■ Exercise data:
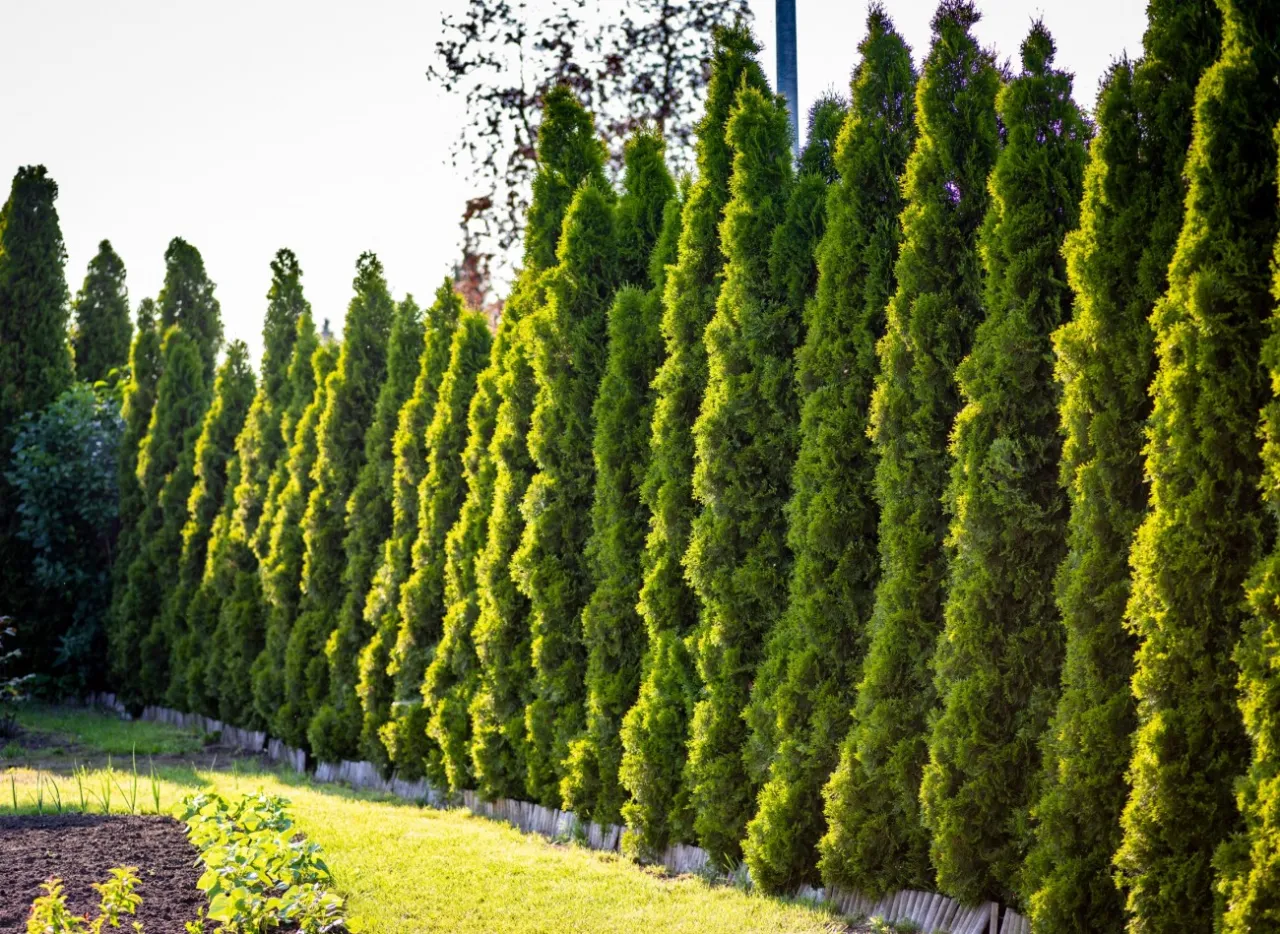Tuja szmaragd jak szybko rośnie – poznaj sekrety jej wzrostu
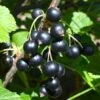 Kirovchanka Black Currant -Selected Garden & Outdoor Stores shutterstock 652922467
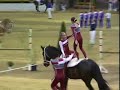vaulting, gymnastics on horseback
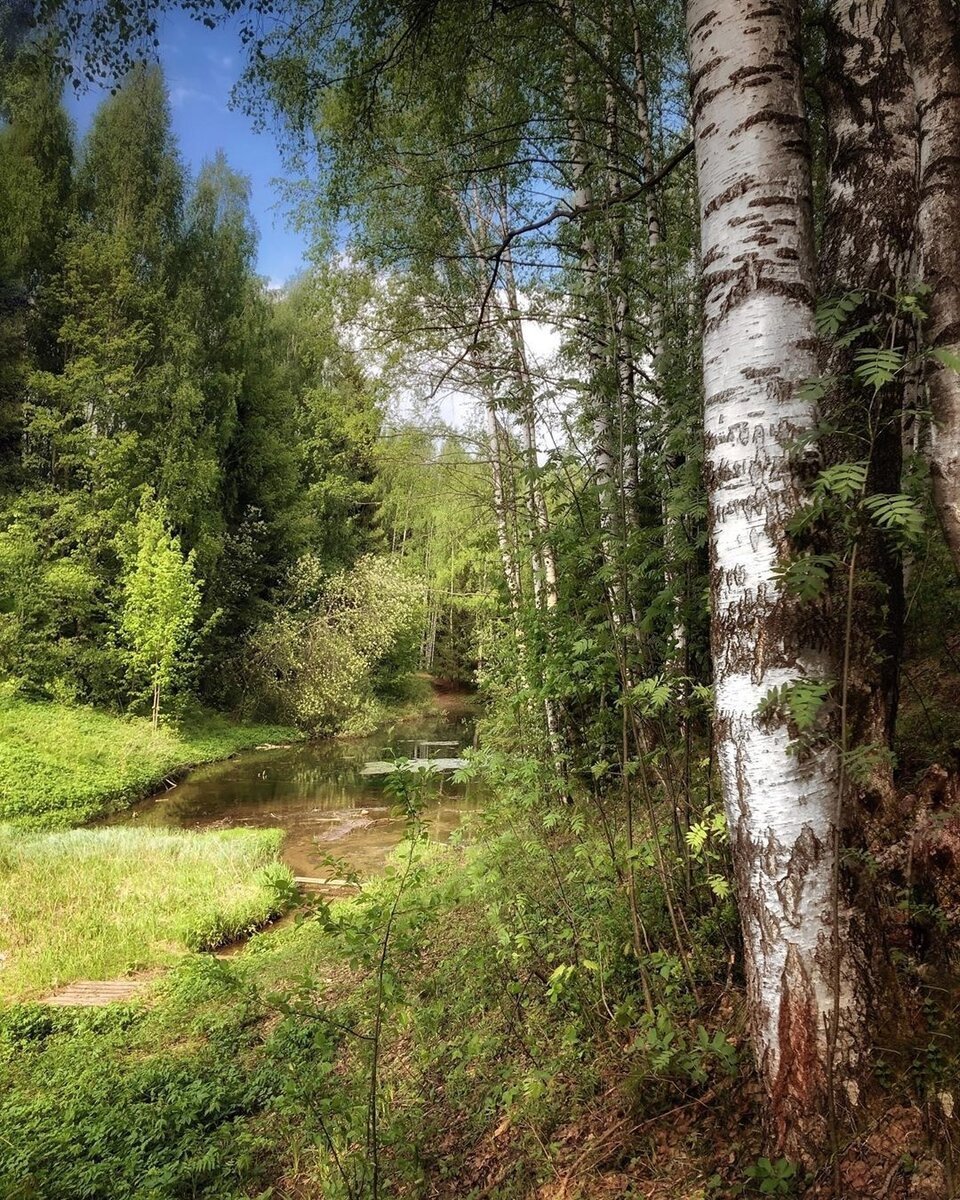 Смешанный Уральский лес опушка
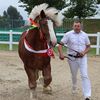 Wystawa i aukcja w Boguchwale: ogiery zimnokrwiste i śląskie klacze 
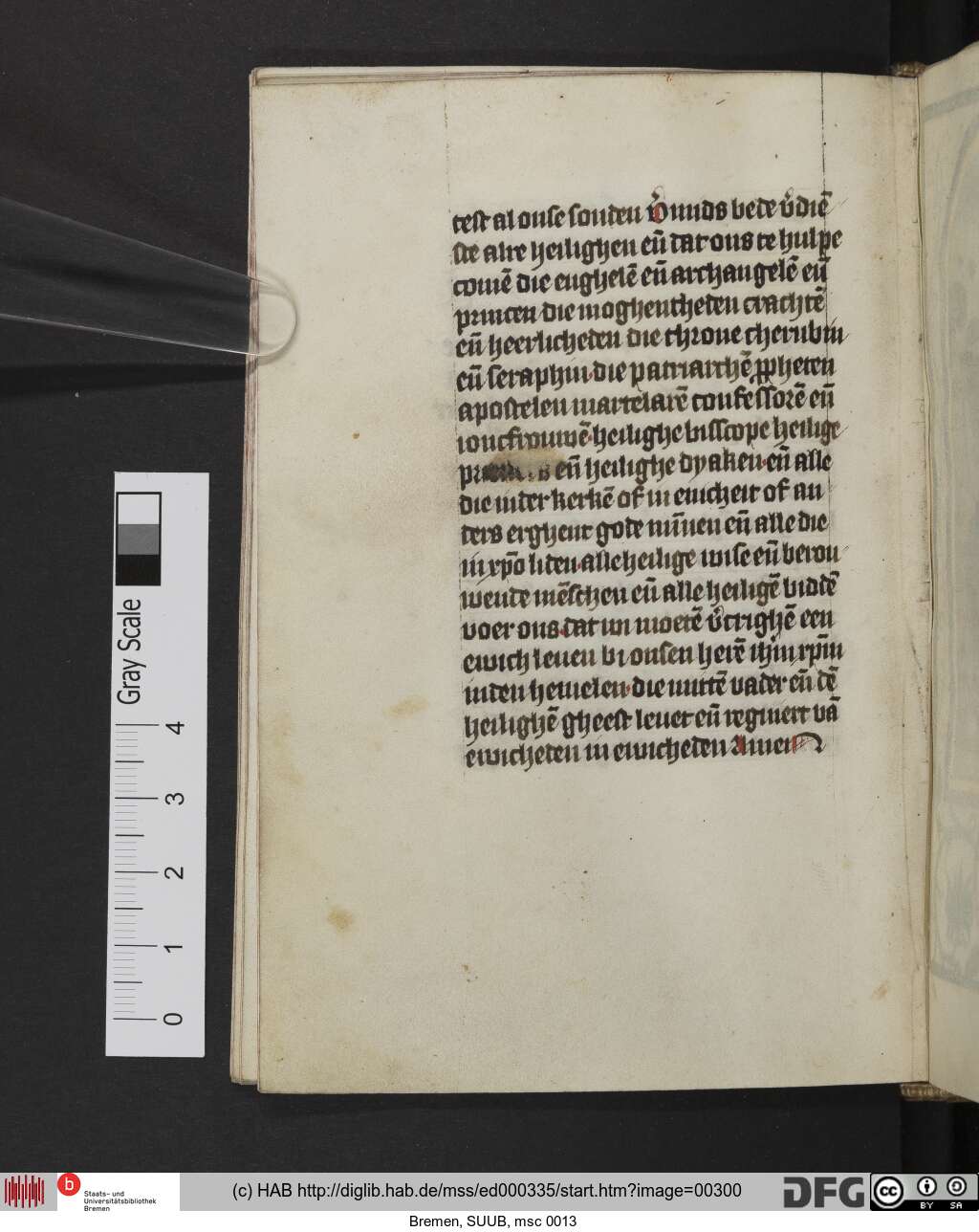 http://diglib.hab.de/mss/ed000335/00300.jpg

■ Exercise goal: With the images omitted, repeat all the data word for word.

■ Answer area:
Tuja szmaragd jak szybko rośnie – poznaj sekrety jej wzrostu
 Kirovchanka Black Currant -Selected Garden & Outdoor Stores shutterstock 652922467
vaulting, gymnastics on horseback
 Смешанный Уральский лес опушка
 Wystawa i aukcja w Boguchwale: ogiery zimnokrwiste i śląskie klacze 
 http://diglib.hab.de/mss/ed000335/00300.jpg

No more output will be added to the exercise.